The Jaguars did Gabbert another solid by drafting Texas A&M tackle Luke Joeckel No. 2 in April. Joeckel, who will transition to the right side (from the left, where he played at College Station), is a much-needed upgrade for a patchwork line that played a big hand in Gabbert getting sacked on a whopping 8.2% of his career passing plays. According to a study done by the Jags' analytics-heavy front offense, Gabbert's passer rating was in the top third of QBs last season when he was given at least 2.6 seconds to throw. (His overall rating was 25th in the NFL.)
Backed with those stats, Gabbert won the training camp competition over veteran Chad Henne, but in the second preseason game he suffered a hairline fracture of his throwing thumb. He's expected back by the opener against—appropriately—Alex Smith's Chiefs.
Finally playing in a QB-friendly and familiar system, and surrounded by weapons—receivers Cecil Shorts and Justin Blackmon (when he returns from a four-game suspension for violating the NFL's substance abuse policy), tight end Marcedes Lewis and a healthy Maurice Jones-Drew at running back—Gabbert has his best chance yet of succeeding.

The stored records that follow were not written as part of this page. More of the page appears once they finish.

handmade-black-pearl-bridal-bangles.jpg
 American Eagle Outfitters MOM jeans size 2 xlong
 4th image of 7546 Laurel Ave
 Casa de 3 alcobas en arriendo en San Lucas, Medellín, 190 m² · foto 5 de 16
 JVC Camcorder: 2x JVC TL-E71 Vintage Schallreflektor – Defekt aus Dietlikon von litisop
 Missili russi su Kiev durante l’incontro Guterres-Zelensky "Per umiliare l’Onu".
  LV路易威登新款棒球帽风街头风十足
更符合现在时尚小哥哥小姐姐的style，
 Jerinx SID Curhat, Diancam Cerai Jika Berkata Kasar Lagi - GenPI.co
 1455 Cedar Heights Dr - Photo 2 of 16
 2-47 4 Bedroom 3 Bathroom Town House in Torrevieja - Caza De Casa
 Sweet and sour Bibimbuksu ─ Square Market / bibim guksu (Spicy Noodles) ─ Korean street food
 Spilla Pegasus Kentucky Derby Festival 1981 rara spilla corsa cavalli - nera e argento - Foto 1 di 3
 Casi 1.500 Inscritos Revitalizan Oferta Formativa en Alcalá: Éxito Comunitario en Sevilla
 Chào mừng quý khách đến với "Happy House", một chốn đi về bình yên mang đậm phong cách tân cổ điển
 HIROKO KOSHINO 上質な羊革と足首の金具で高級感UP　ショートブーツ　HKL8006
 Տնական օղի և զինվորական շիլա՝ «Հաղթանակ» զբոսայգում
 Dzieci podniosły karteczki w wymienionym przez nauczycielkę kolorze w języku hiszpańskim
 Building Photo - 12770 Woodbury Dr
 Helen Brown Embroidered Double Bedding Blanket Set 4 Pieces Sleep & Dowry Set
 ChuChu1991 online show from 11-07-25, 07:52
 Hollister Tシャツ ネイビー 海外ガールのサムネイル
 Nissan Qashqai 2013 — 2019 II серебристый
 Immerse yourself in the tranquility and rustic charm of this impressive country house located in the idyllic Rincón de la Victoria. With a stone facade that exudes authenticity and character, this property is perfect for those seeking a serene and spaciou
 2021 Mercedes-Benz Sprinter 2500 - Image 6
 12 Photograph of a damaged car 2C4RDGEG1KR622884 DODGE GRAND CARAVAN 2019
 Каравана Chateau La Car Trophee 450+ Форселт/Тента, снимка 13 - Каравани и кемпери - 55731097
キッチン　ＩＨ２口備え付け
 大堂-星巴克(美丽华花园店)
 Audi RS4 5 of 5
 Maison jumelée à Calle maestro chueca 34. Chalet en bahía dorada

"No matter what anyone else says, Blaine still believes in himself," says Shorts, the Jags' No. 1 receiver in 2012. "You'll see the real Blaine Gabbert this year. They finally have the right people around him. It's going to make the difference."
A small one, almost certainly. A big enough one to make him the franchise's quarterback of the future? Much less certain.
THE CASE FOR ...
Two rookie playmakers
After years of running a vanilla offense, the Jaguars made it clear in this year's draft that they crave a little more flavor, using fourth- and fifth-round picks, respectively, on two versatile playmakers: South Carolina receiver-punt returner Ace Sanders and Michigan QB Denard Robinson (left), the latter of whom will be used as an RB, WR and, occasionally, read-option QB. In a sign of the times, Jacksonville even lists Robinson—whose hands were shown to need work this off-season but who the Jaguars are determined to get the ball in space and make defenses chase—as an OW, short for offensive weapon. Of the two, the 5' 7", 178-pound Sanders actually had the more eye-opening training camp, turning in surprising work in the slot and outside, and he got plenty of looks in reverses and in motion, even lining up at the same time as Robinson occasionally. "It's going to be different than what we've done—much more multiple," says new coordinator Jedd Fisch. "[Ours] is going to be an offense shaped by what these players do best. We're not going to handcuff ourselves."